With many of the world’s dancefloors empty at the moment, there’s an inherent melancholy to listening to and writing about club music these days. Even so, the following six releases offering reassuring proof that the dancefloor’s kinetic thrills can outlast anything. Highlights include voice note ruminations from Gavsborg and Shanique Marie; brash hybrids from Precolombian and Estoc; tightly wound, back-to-basics bangers from DJ Clent and Bubas Produçoes; and more.
As a vision for a functionalist-surrealist take on Afro-Portuguese rhythm, Bubas Produçoes’ MEGA does not disappoint. Each of the EP’s five tracks sit at a cool 130 BPM, congealing and unravelling in a giddy down spiral. Outside elements are kept to a minimum; instead, drums, bass, piercing vocal samples and short bursts of melody are expertly intertwined in singular slabs of percussive noise. Consider the droning “Malaicadas” to be shorthand for the record’s ethos: a strong start on the right foot keeps the interlocking rhythms rumbling ever onwards, friction be damned.

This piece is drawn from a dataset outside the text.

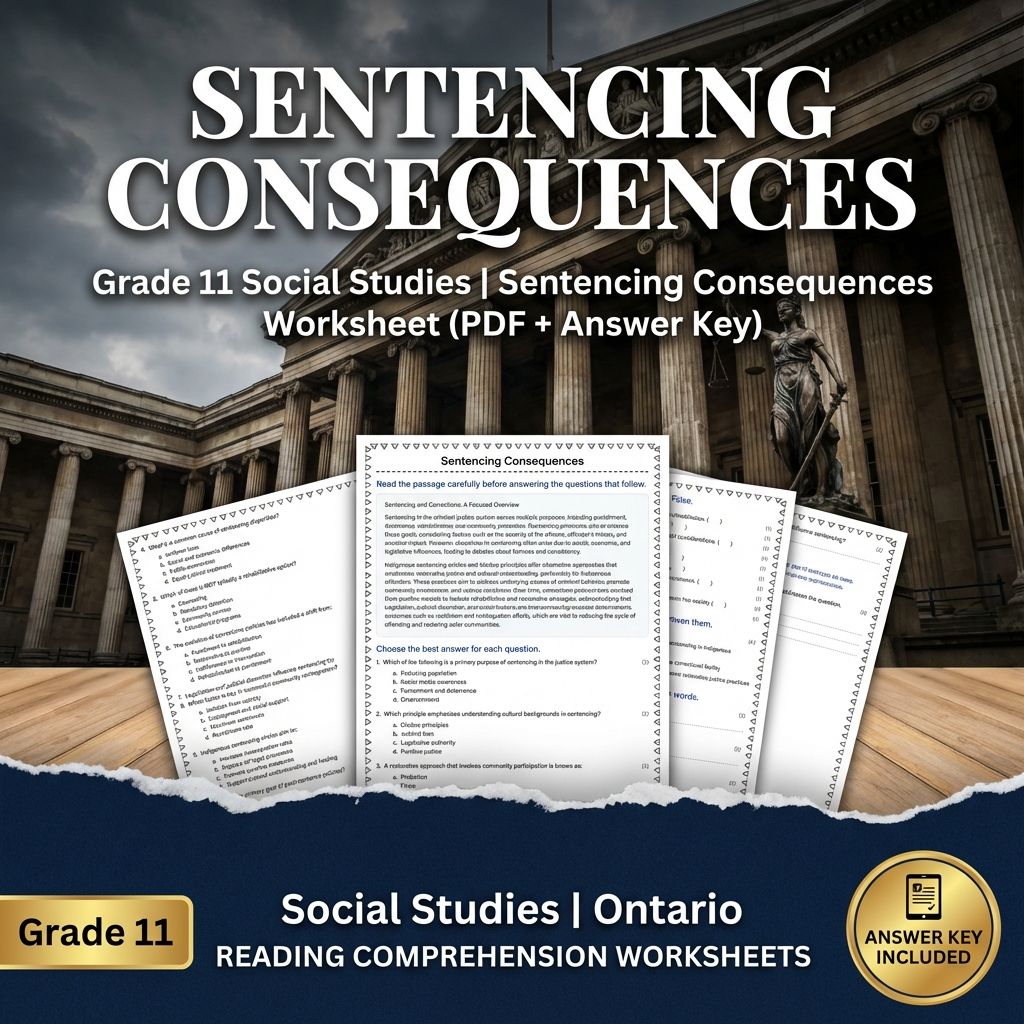 Grade 11 Social Studies Unit Bundle | Constitutional & Legal Foundations — included worksheet 7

Much of the basis for Chicago’s footwork sound can be found in DJ Clent’s work from the 1990’s and early 2000’s. By dragging ghetto house and juke into increasingly complex shapes, Clent, as well as artists like DJ Rashad, RP Book, and Traxman, laid the asymmetrical cornerstones for contemporary footwork as we know it. LOWEND CLENT provides a snapshot of this Southside legend at his spartan best, flipping simple loops over oceans of sub bass in what can only be called a challenge to dancers and soundsystems alike.
DJ SWISHA & Kush Jones
Kush Jones and SWISHA share a long musical history, growing in parallel as both producers and DJs in the New York scene over the past decade. Outta Bounds isn’t their first collaborative work (2015’s “Make This $$$” is an early favorite), but it’s easily their best, showing off a deft touch through genre and temperament. Tracks like the collaborative “Torcida” and Jones’s “GTB” are raucous party anthems, but it’s the opening and closing “Snare Track” and “Outta Bounds” that ride the hardest, outlining a dancefloor vision that synthesizes rigorous groove and unbounded technical experimentation.
Kevin From Ivory Coast
Equiknoxx Music is an exemplar of modern collectivity, tightly wound around a central ideal, yet perpetually expanding into new sonic territory. Gavsborg’s Kevin From Ivory Coast is the latest release from the EM factory, channeling Mobb Deep and Erykah Badu by way of the Fat Block show on Kingston’s Fame FM. Shanique Marie is a steady presence on all three tracks, threading abstract stanzas into Gavsborg’s eerie productions in a manner that recalls the subdued chatter of day time radio.
Nkisi’s Bandcamp describes her music as “a microcosmic encapsulation of melo-rhythmic trance,” an appropriate tag for an artist content to cruise in her own otherworldly, idiosyncratic lane. BLK SPELLS is an interstitial record, stripped of the conceptual bombast and intricacy of 2019’s 7 Directions, and largely devoid of the physicality of her previous efforts for Doomcore Records. The record’s “sonic spells” do act as mystical underliers to Nkisi’s other work though, filling in the sonic and metaphorical gaps between releases and underlining the austere beauty that runs through the entire Nkisi catalog.
Precolumbian & Estoc
After colliding on two exuberant rhythm tracks for last year’s CCT EP, released via APOCALIPSIS, Precolombian and Estoc Riobamba have joined forces once more for LANDOCORE, a five-track EP for Santa Muerte’s MAJÍA which reigns in the Afro-Peruvian rhythms somewhat in favor of throbbing hardcore-techno beats. The big draw here is “Inga,” a heady overlay of linear march and polyrhythmic blowout; it’s anchored by an immediately-memorable vocal cry that keeps the interlocking percussion in step, even as the surrounding revelry threatens to boil over.